People raise their hands in an exhibition of support in order to limit the ability of Missouri’s legislators to change or restrict the initiatives of the citizenship studies

“Our goal is to prevent politicians from attacking the will of the people,” said moderator Lindsay Browning that people had gathered on a Saturday in the Missouri River regional library, blocks from State Capitol.

Two days earlier, the Republican state representative Mitch Boggs used a parental analogy, while he explained colleagues why they should escalate the desire of the voters for paid illness and the annual minimum wage.

“Of course people voted. But “if we don’t protect our business, there will be no job to get a minimum wage.”

Nebraska’s legislators also consider to create exceptions from the minimum wages approved by the voters and paid laws for illness holidays.

100 invoices that restrict citizens’ initiatives

About half of the States allow citizens To place proposed laws or constitutional changes to the ballot papers through initiative petitions. In recent years, activists have used this procedure to anchor abortion rights in state constitutions to legalize the marijuana for leisure, to escalate minimum wages, to expand medical health care and to take other measures that legislators had to not approve.

Some legislators have tried to make it more tough to obtain initiatives for the ballot paper and harder for voters to pass them.

The strategy center of the voting initiative, which supports progressive voting measures, pursues around 100 vigorous legislative templates in 18 countries that would “make it difficult for citizens to be successful in order to be successful,” said the executive director of the group, Chris Melody Fields Figueredo.

The abundance of such laws is “an indictment against our representative democracy,” said Kelly Hall, Executive Director of the Fairness Project, another progressive group that has supported 43 state ballot initiatives since 2016.

In Idaho, a Republican legislator proposed this year to give the governor Veto Power about election initiatives who were supported by the voters with fewer than two thirds. This draft law stalled in a house committee.

But invoices have already passed in other states.

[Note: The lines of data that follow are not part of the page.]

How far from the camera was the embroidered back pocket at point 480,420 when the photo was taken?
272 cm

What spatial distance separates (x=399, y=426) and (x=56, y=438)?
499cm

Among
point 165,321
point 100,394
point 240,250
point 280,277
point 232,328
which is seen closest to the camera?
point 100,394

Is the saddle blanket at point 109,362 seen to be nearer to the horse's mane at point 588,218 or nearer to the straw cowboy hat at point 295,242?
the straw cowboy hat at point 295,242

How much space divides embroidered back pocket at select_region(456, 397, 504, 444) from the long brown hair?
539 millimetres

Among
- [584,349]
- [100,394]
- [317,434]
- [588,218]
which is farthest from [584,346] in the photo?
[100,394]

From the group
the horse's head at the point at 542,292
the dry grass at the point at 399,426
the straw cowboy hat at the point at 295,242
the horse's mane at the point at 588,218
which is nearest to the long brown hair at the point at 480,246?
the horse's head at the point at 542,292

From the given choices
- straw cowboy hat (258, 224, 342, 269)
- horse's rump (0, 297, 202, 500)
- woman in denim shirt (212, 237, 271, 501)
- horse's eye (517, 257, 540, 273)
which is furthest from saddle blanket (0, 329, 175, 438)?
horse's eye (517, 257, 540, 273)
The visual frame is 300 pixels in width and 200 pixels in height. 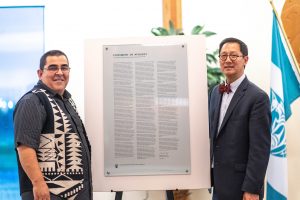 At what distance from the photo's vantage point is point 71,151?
7.60 ft

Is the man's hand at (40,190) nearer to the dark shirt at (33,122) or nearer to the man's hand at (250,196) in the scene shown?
the dark shirt at (33,122)

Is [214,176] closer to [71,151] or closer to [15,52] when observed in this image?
[71,151]

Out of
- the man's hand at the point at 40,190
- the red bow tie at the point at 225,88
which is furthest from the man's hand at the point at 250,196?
the man's hand at the point at 40,190

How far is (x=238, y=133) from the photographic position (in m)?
2.45

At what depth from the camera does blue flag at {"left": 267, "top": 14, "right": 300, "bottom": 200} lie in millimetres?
3115

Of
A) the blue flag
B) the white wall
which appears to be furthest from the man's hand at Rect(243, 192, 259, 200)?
the white wall

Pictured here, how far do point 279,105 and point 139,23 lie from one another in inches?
68.2

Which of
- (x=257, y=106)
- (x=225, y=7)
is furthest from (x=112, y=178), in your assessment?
(x=225, y=7)

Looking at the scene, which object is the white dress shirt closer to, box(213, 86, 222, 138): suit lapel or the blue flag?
box(213, 86, 222, 138): suit lapel

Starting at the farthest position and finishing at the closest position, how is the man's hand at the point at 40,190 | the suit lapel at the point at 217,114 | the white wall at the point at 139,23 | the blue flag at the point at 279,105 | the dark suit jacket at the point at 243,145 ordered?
1. the white wall at the point at 139,23
2. the blue flag at the point at 279,105
3. the suit lapel at the point at 217,114
4. the dark suit jacket at the point at 243,145
5. the man's hand at the point at 40,190

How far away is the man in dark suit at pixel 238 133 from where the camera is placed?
7.77 ft

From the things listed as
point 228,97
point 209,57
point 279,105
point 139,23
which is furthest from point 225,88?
point 139,23

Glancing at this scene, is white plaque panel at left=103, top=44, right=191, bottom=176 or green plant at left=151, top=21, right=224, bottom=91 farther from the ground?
green plant at left=151, top=21, right=224, bottom=91

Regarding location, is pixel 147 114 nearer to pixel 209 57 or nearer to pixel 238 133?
pixel 238 133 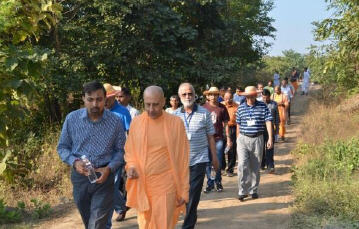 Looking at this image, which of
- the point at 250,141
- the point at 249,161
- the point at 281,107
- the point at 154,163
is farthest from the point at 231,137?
the point at 154,163

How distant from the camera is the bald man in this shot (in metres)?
4.43

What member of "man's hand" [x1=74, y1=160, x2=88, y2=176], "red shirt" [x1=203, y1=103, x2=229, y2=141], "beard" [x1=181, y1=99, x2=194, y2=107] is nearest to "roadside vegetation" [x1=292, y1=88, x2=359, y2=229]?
"red shirt" [x1=203, y1=103, x2=229, y2=141]

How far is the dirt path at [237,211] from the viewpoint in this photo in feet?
21.8

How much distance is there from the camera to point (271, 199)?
25.8 ft

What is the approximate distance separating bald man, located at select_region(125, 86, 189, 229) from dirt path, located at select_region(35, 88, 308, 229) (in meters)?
2.21

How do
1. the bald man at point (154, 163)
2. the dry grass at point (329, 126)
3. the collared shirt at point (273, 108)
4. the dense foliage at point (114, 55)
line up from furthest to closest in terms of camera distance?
the dense foliage at point (114, 55) < the dry grass at point (329, 126) < the collared shirt at point (273, 108) < the bald man at point (154, 163)

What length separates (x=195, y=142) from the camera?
6023mm

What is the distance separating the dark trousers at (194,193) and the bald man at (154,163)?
1100 millimetres

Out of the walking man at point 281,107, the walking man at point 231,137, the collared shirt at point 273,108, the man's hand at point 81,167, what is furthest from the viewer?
the walking man at point 281,107

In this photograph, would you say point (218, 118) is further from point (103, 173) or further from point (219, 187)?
point (103, 173)

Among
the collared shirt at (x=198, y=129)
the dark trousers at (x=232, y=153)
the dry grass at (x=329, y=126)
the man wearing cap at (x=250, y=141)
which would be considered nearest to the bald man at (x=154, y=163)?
the collared shirt at (x=198, y=129)

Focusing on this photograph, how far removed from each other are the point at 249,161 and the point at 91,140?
13.3ft

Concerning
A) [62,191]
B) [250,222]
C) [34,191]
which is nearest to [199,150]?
[250,222]

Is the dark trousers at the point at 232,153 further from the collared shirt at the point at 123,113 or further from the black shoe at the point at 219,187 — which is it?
the collared shirt at the point at 123,113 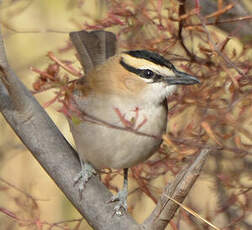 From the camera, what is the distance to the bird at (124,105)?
2.53 metres

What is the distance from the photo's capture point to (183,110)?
2711mm

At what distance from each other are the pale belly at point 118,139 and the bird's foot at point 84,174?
4 centimetres

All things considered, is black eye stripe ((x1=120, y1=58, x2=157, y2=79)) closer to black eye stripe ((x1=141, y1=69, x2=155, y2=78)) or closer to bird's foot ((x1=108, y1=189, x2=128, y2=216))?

The Arkansas Governor Sarah Huckabee Sanders signed several laws that were aimed at initiative -linish hiking, including those who request to check whether the signatories of the petition read the complete ballot paper and showed the photo identification.

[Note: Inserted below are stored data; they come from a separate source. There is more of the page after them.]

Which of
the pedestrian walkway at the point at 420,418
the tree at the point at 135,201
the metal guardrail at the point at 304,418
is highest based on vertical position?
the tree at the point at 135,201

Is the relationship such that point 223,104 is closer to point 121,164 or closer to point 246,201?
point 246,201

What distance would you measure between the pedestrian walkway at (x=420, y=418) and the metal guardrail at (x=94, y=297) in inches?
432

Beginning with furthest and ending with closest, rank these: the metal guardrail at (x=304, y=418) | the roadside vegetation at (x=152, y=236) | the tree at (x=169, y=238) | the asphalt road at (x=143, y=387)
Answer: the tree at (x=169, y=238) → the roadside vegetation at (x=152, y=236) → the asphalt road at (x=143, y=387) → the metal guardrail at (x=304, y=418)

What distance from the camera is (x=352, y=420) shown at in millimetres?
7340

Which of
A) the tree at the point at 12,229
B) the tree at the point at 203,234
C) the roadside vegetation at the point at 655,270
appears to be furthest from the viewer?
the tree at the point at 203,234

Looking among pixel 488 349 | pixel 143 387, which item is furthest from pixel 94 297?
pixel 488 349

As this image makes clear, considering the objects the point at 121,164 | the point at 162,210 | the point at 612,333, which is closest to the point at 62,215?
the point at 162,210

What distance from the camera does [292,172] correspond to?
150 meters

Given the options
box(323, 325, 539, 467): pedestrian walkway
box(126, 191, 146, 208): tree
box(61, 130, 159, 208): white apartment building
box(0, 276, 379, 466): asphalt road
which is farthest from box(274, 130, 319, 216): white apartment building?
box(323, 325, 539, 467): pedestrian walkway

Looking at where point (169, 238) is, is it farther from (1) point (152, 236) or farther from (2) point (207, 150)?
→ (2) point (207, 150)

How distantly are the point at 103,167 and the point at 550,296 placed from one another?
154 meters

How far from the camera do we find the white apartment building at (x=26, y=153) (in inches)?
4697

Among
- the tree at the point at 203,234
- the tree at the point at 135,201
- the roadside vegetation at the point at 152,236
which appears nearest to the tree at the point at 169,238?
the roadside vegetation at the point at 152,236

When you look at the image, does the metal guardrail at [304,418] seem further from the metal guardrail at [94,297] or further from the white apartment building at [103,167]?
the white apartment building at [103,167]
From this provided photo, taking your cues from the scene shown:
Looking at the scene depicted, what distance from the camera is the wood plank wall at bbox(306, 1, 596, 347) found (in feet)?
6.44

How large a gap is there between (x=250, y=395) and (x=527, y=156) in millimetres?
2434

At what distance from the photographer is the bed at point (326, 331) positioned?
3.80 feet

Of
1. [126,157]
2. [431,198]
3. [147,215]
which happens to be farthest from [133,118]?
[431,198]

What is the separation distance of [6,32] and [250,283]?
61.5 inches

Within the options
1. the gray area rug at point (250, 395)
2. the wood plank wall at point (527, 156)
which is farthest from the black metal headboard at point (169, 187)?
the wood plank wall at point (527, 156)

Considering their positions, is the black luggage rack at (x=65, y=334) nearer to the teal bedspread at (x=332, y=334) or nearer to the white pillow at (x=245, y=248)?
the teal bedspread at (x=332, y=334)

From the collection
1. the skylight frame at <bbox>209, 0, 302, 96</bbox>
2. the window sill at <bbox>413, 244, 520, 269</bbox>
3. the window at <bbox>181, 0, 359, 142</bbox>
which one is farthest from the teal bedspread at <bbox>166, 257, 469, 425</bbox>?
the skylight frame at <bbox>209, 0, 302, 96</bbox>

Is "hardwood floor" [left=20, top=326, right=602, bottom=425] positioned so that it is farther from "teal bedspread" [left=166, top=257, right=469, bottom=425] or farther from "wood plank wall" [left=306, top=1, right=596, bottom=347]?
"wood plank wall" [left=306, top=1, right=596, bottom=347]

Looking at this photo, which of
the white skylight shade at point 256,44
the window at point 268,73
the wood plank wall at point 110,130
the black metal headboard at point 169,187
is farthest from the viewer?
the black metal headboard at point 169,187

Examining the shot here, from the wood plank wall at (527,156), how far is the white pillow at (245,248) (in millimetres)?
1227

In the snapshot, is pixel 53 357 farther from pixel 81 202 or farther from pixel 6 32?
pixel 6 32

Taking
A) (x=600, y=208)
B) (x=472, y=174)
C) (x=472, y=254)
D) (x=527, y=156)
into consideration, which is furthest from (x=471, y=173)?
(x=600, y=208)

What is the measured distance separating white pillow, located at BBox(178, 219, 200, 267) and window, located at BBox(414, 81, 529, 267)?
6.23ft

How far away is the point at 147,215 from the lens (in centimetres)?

The legislator of Utah voted this month for a proposed constitutional change for the ballot papers of 2026, which would require a permit of 60% for future initiatives that escalate or raise taxes. Arizona’s voters narrowly approved a similar measure in 2022.

South Dakota wants to initiate initiatives

In South Dakota, what gave birth to the initiative movement In 1898 the legislators recently passed several measures that wanted to initiate the initiative process. One would shorten the time to collect petitions. Another would qualify a minimum number of signatures of all 35 Senate districts – in addition to the current nationwide threshold – – a proposed constitutional change for the ballot paper.

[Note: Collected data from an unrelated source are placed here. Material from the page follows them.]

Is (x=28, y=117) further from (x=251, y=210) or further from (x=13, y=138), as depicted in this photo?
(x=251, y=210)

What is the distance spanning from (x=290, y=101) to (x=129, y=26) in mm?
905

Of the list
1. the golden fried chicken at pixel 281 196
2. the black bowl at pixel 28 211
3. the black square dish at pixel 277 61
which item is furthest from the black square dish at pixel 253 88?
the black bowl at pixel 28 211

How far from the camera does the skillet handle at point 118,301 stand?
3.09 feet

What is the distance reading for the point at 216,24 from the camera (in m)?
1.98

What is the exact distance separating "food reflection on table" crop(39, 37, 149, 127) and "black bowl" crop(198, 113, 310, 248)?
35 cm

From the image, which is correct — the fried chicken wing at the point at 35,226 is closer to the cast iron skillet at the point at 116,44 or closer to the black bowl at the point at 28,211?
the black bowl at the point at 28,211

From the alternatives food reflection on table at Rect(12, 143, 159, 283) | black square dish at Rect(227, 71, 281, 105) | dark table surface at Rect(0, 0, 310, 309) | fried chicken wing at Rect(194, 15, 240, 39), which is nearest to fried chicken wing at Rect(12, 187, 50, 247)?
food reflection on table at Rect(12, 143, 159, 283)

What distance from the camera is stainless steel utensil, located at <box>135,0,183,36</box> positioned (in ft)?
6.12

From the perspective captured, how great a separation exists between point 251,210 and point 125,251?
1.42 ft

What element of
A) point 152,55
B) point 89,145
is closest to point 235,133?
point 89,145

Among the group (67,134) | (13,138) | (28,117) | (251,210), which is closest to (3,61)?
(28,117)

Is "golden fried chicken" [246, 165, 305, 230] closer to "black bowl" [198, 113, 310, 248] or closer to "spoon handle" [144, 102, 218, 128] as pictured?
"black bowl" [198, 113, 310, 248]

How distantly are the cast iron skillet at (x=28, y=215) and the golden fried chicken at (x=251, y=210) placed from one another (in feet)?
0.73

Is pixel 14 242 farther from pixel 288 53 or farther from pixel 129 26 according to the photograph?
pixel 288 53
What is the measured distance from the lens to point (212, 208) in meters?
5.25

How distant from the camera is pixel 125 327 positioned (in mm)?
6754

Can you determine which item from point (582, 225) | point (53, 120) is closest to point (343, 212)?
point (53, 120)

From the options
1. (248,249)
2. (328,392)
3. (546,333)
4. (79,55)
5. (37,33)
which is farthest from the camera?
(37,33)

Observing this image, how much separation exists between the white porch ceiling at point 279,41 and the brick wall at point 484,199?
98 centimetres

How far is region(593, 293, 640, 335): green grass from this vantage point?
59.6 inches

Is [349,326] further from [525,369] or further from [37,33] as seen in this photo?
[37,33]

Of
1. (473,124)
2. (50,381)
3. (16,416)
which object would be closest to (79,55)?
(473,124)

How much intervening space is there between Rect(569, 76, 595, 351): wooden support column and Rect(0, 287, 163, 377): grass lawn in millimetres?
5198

Another measure that will be before the voters in 2026 would set a threshold of 60% for the approval of constitutional changes instead of a straightforward majority.

In 2022, South Dakota voters rejected a legislative proposal to request 60% approval for fresh taxes and millions of spending measures. In the same year voters approved a medicaid expansion Initiative with a vote of 56%.

This year the legislature presented a proposed constitutional change for the ballot 2026, which would end the extended Medicaid cover if the federal government does not continue to pay at least 90% of the costs.

Republicans who control the legislator found that changes in the US constitution require approval by three quarters. They also claimed that foreign groups had exceeded initiatives with “radical agendas” and recently defeated ballot papers for abortion rights and open primary elections.

“Our constitution must be protected from the temporary political influence and moods of a naked majority,” said Sue Peterson, Senator of the State of South Dakota, during the debate.